• Dataset excerpt:
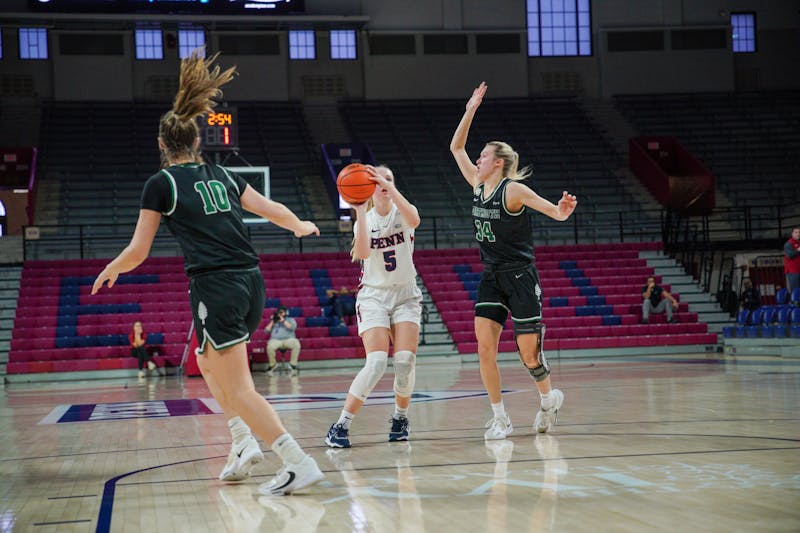 Penn women’s basketball falls 61-49 to Dartmouth, dropping to 0-2 in Ivy League play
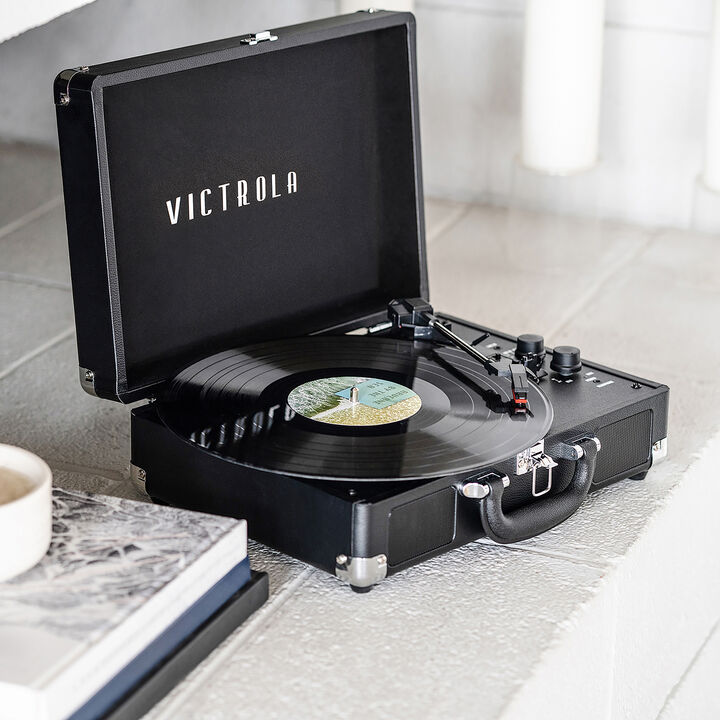 El tocadiscos Bluetooth Journey+ de Victrola combina el dise&ntilde;o cl&aacute;sico de la plataforma giratoria port&aacute;til con un mont&oacute;n de caracter&iacute;sticas nuevas. La conectividad Bluetooth dual le permite transmitir sus discos de vinilo favoritos a cualquier altavoz Bluetooth externo, o transmitir msica desde un dispositivo inteligente a trav&eacute;s de los altavoces est&eacute;reo incorporados, para que pueda hacer realmente suya su experiencia auditiva. El tocadiscos de 3 velocidades reproduce todos los discos de 33 1/3, 45 y 78 RPM, o conecta tu par de auriculares favoritos. El Journey+ est&aacute; equipado con un asa f&aacute;cil de transportar, y su dise&ntilde;o port&aacute;til significa que puedes llevar tus canciones a donde sea, para tener recuerdos musicales duraderos dondequiera que est&eacute;s. &iexcl;Incluye un soporte para discos Victrola Bridge a juego para un f&aacute;cil almacenamiento de vinilo!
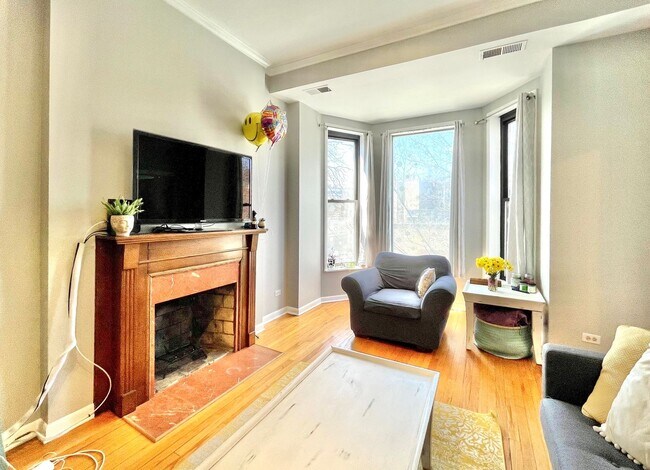 Foto del edificio - Spacious 2 bd/1 bath Condo in Lincoln Park!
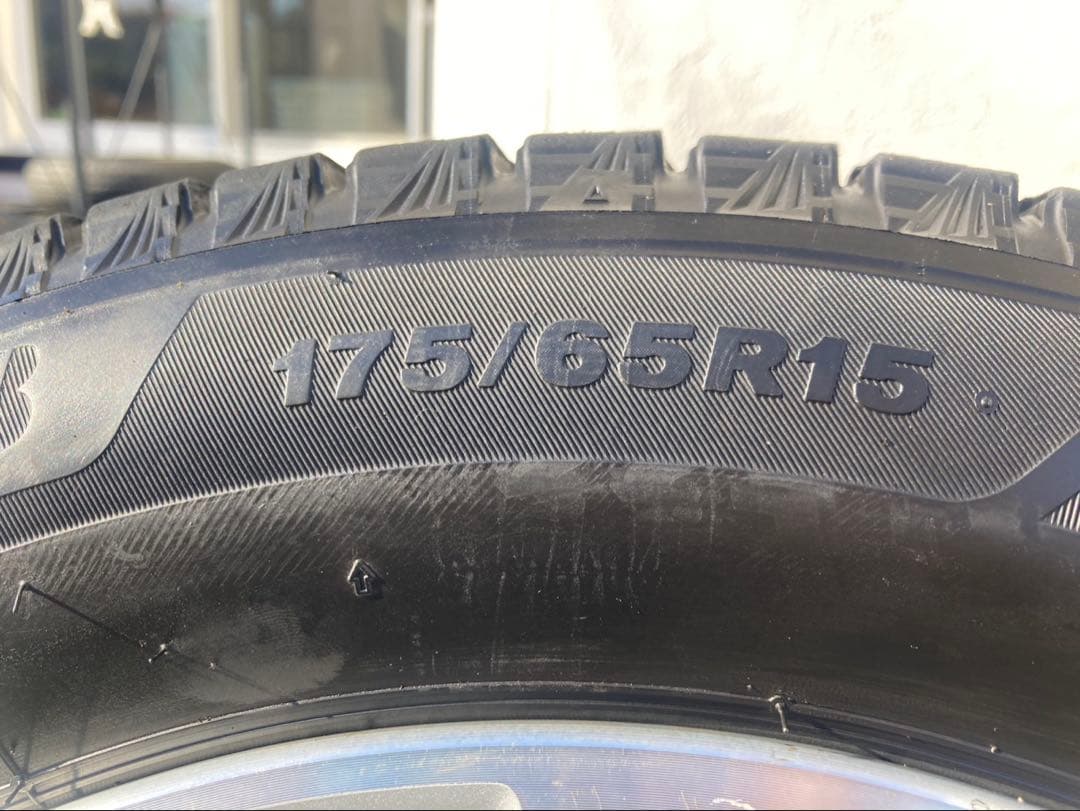 専用出品ブリザック VRX3 175/65/15 ＋日産ノート純正ホイール×4本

• Task prompt:
Start to finish, write out the data above exactly, omitting all pictures.

• Written reply:
 Penn women’s basketball falls 61-49 to Dartmouth, dropping to 0-2 in Ivy League play
 El tocadiscos Bluetooth Journey+ de Victrola combina el dise&ntilde;o cl&aacute;sico de la plataforma giratoria port&aacute;til con un mont&oacute;n de caracter&iacute;sticas nuevas. La conectividad Bluetooth dual le permite transmitir sus discos de vinilo favoritos a cualquier altavoz Bluetooth externo, o transmitir msica desde un dispositivo inteligente a trav&eacute;s de los altavoces est&eacute;reo incorporados, para que pueda hacer realmente suya su experiencia auditiva. El tocadiscos de 3 velocidades reproduce todos los discos de 33 1/3, 45 y 78 RPM, o conecta tu par de auriculares favoritos. El Journey+ est&aacute; equipado con un asa f&aacute;cil de transportar, y su dise&ntilde;o port&aacute;til significa que puedes llevar tus canciones a donde sea, para tener recuerdos musicales duraderos dondequiera que est&eacute;s. &iexcl;Incluye un soporte para discos Victrola Bridge a juego para un f&aacute;cil almacenamiento de vinilo!
 Foto del edificio - Spacious 2 bd/1 bath Condo in Lincoln Park!
 専用出品ブリザック VRX3 175/65/15 ＋日産ノート純正ホイール×4本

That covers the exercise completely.